### Task
Write out every line exactly, from the start of the records below to the line with "Photo A: Trunk", and stop there. Don't write out the pictures.

### Exercise materials

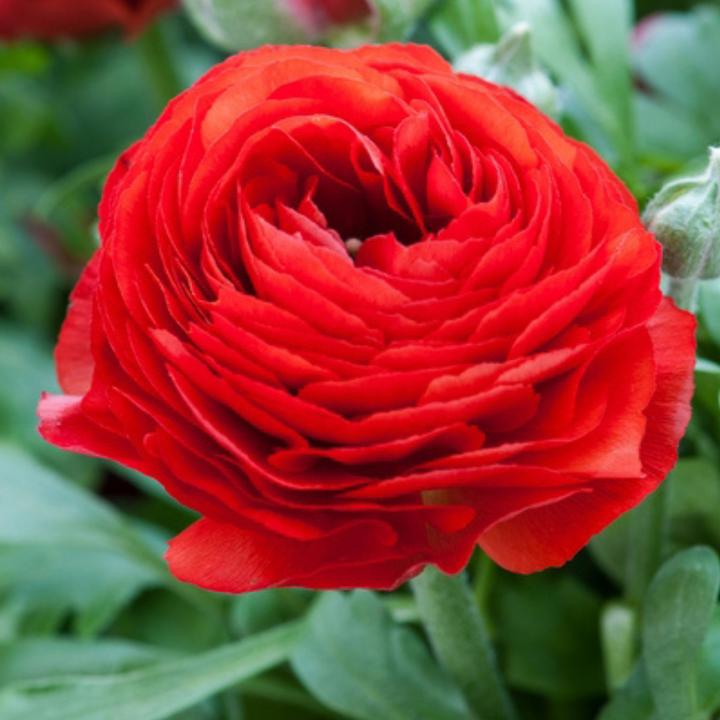 Immagine prodotto Plant in a Box Ranunculus - (10 cm)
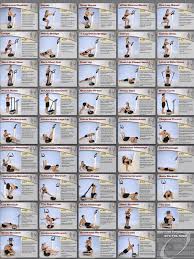 Digoin Power Plate Workout Workout Chart Whole Body Vibration
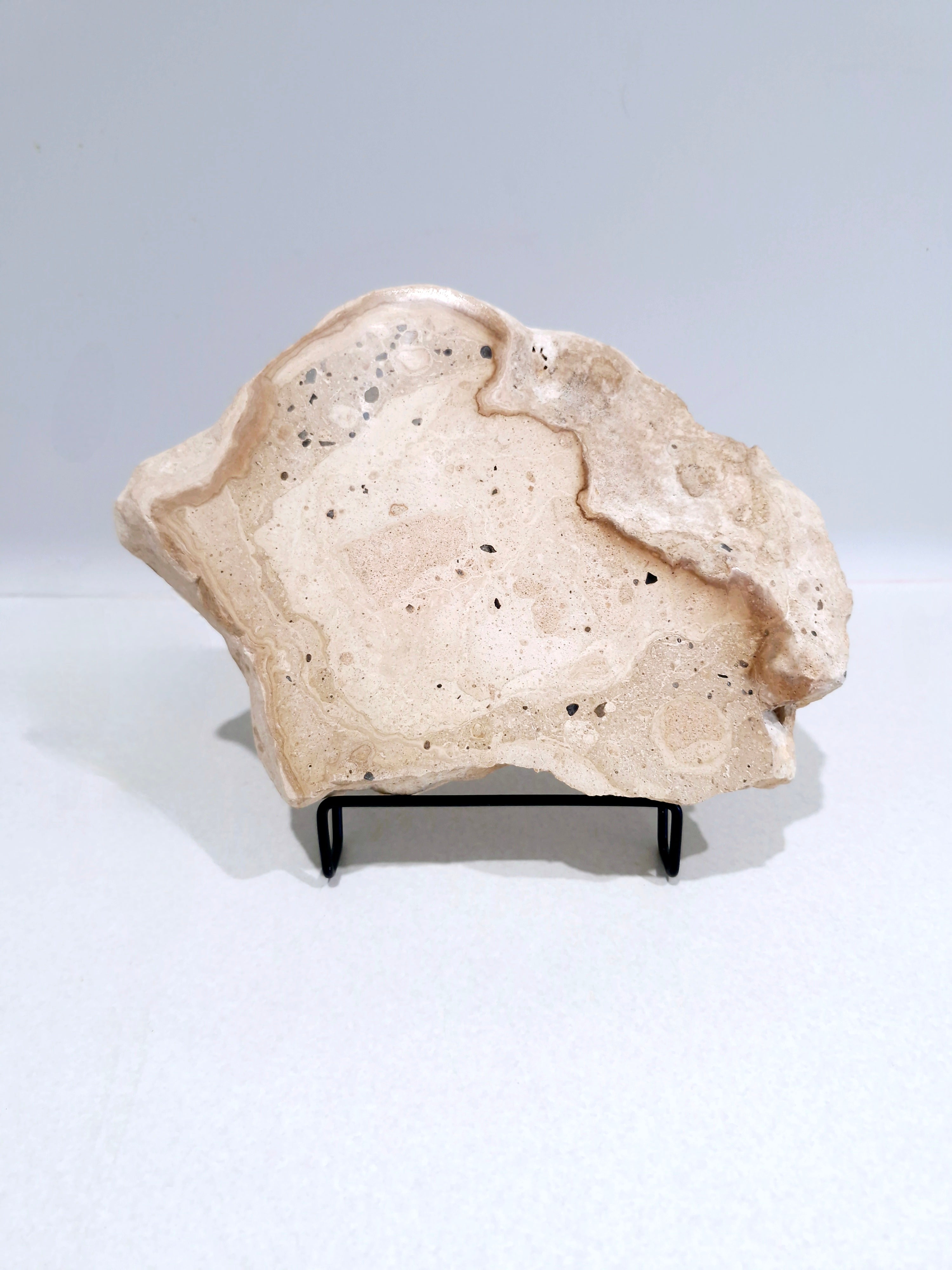 Creamy and Dreamy #2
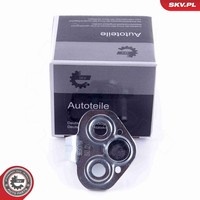 TüRfeststeller Esen SKV 96SKV769 FüR Opel Movano X70 Bus DTI UD0 UD4 Cdti Master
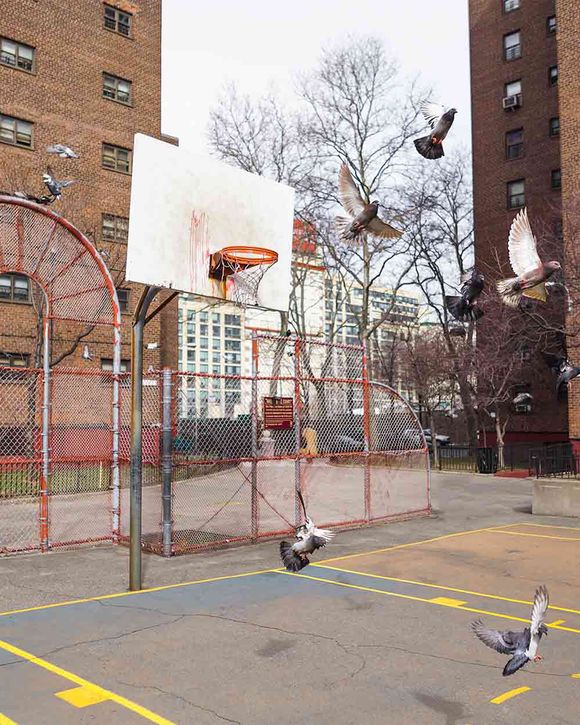 Brooklyn Jets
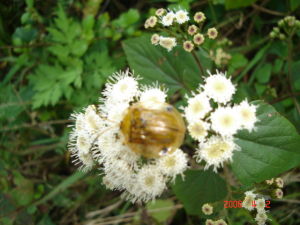 雙枝尾龜甲 雙枝尾龜甲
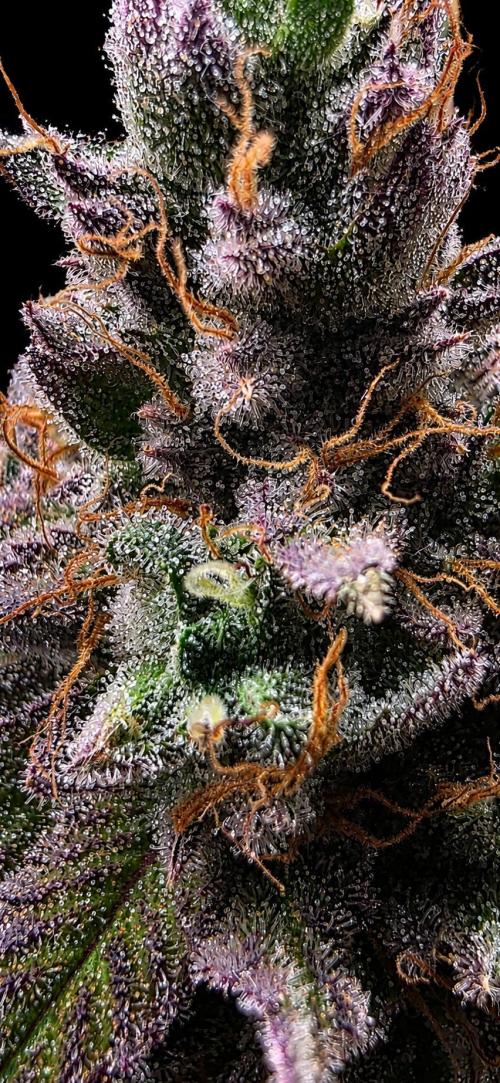 Dankie Run #2 – Arctic Berry Blast. Week 17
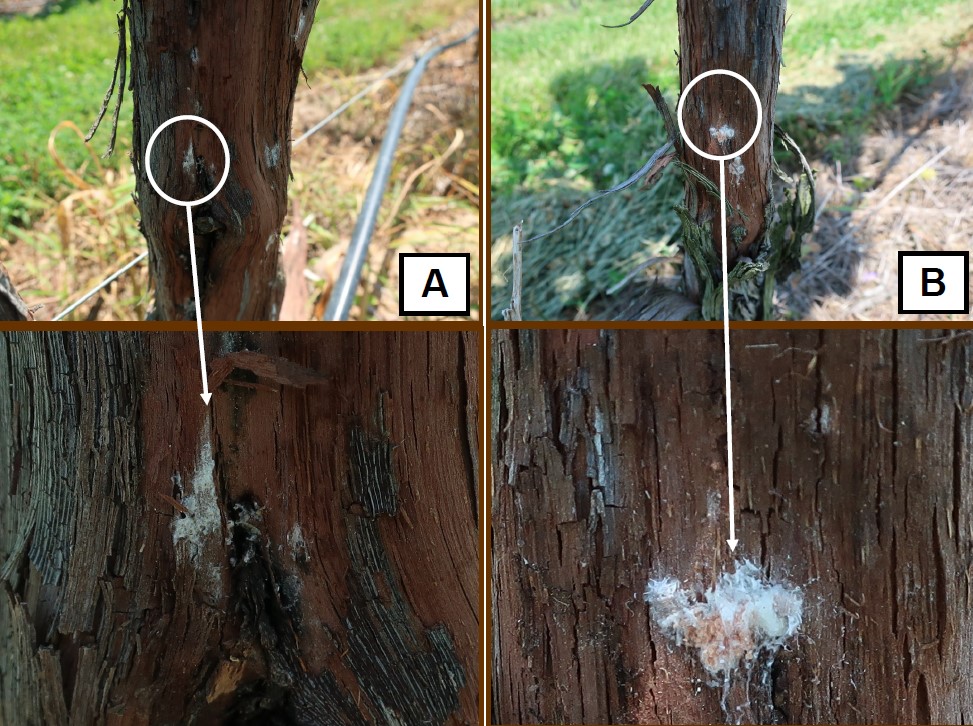 Photo A: Trunk bark with inset photo to show a close-up of a white blotch from mealybug masses that looks like a color blemish only because the eggs have already hatched; B: The infected trunk bark's inset photo shows a close-up of the white blotch mark that looks more like a built-up mass dripping because eggs are still present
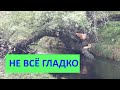 Неудачная поездка в деревню к пчелам. Проблемы и расстройства.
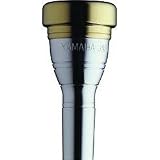 Flugelhorn Accessories
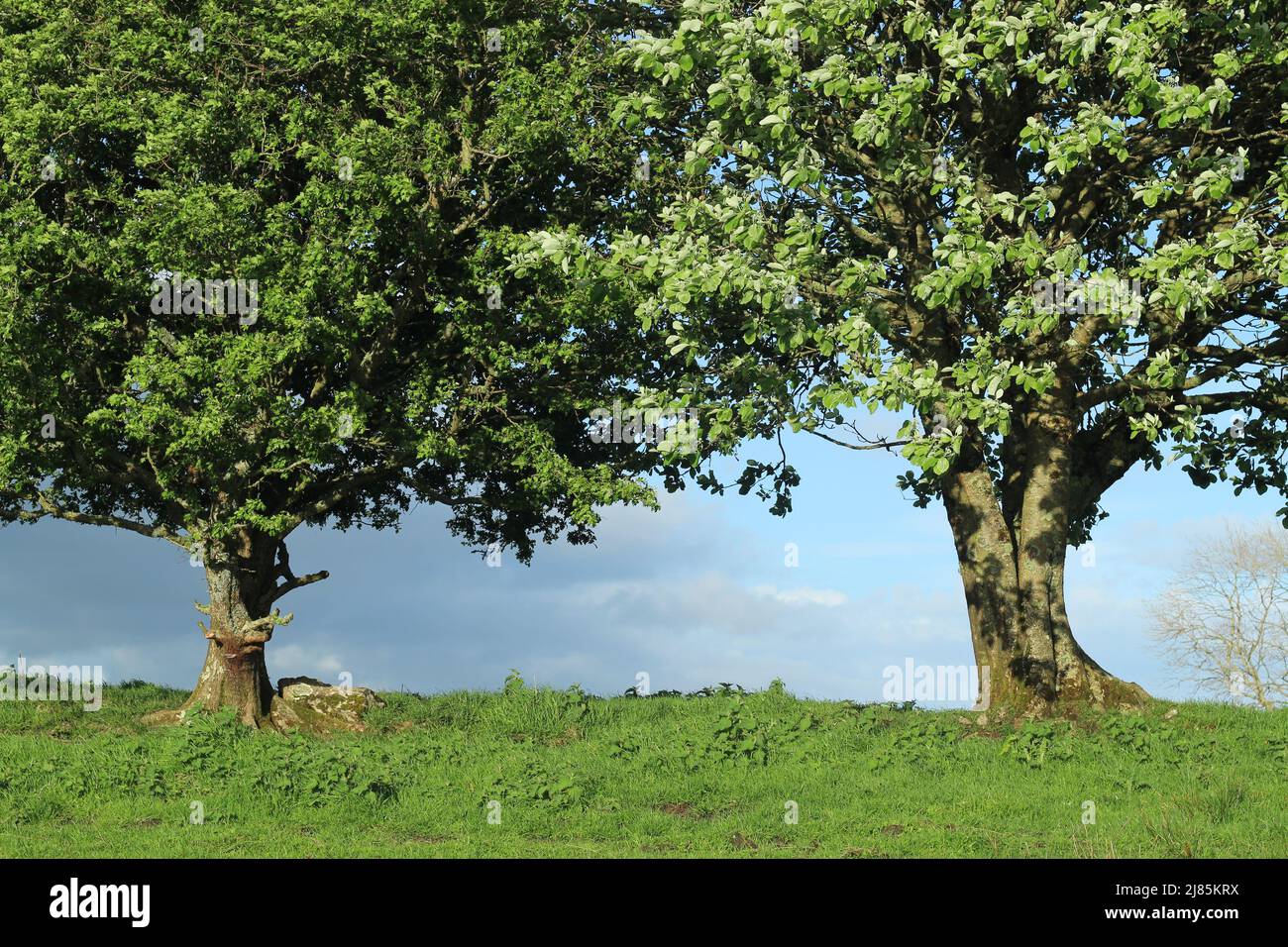 Hornbeam tree and hawthorn tree growing side, with branches intertwined, in field in rural Ireland Stock Photo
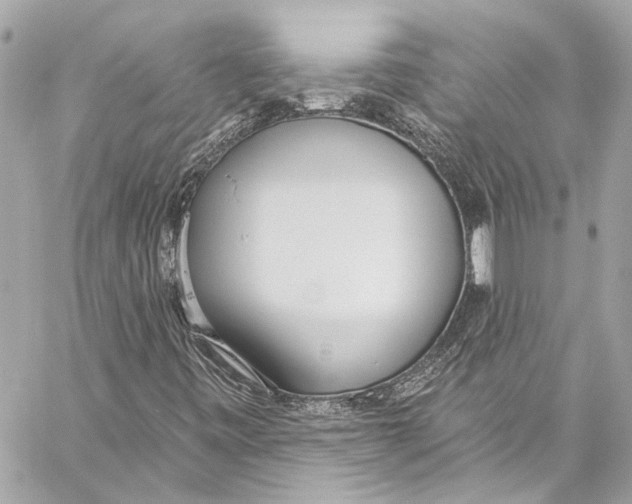 X0000057071443200510071420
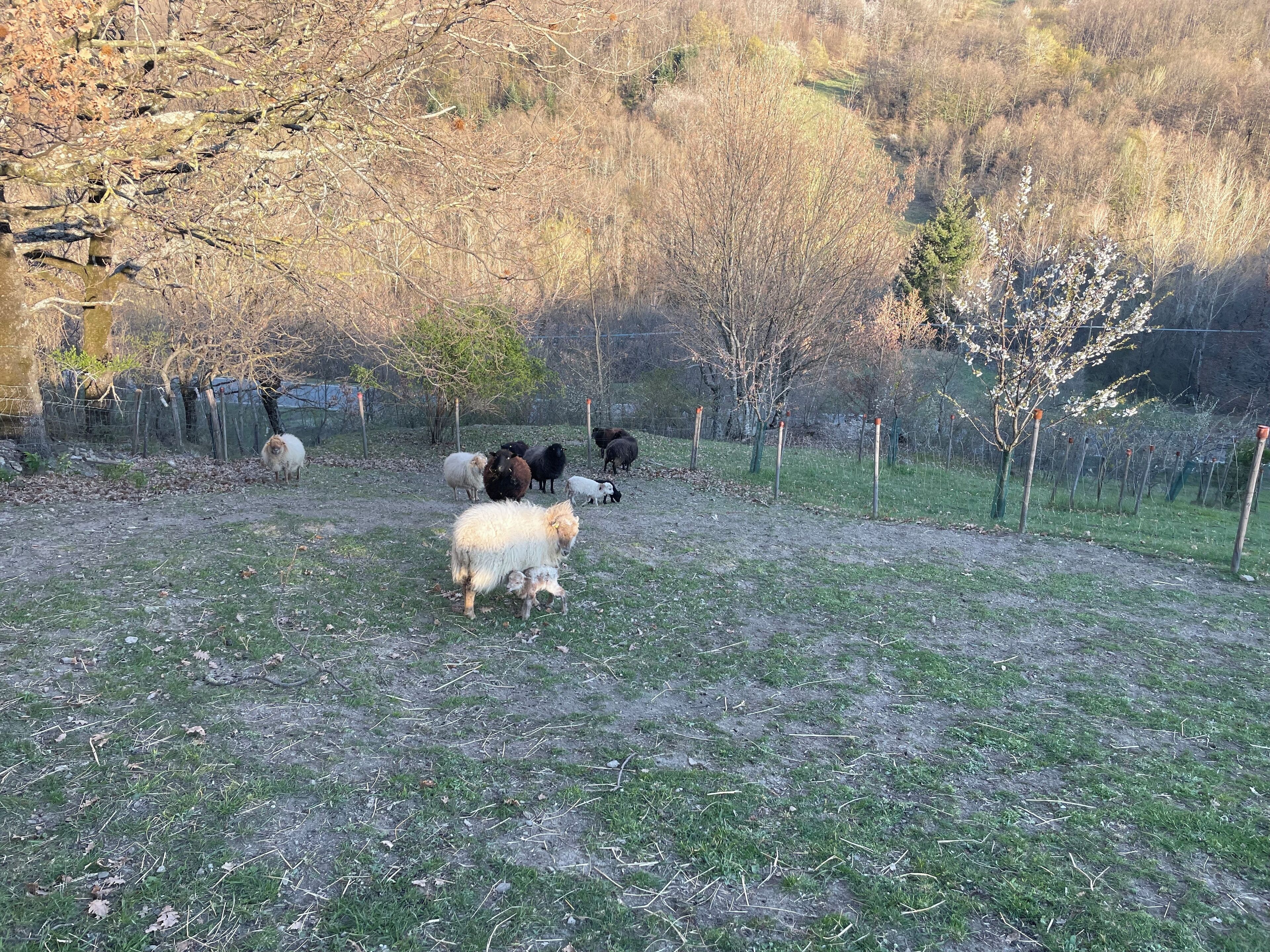 Een omheind buitengebied met een groep schapen die grazen.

### Response to the exercise
 Immagine prodotto Plant in a Box Ranunculus - (10 cm)
 Digoin Power Plate Workout Workout Chart Whole Body Vibration
 Creamy and Dreamy #2
 TüRfeststeller Esen SKV 96SKV769 FüR Opel Movano X70 Bus DTI UD0 UD4 Cdti Master
 Brooklyn Jets
 雙枝尾龜甲 雙枝尾龜甲
 Dankie Run #2 – Arctic Berry Blast. Week 17
 Photo A: Trunk bark with inset photo to show a close-up of a white blotch from mealybug masses that looks like a color blemish only because the eggs have already hatched; B: The infected trunk bark's inset photo shows a close-up of the white blotch mark that looks more like a built-up mass dripping because eggs are still present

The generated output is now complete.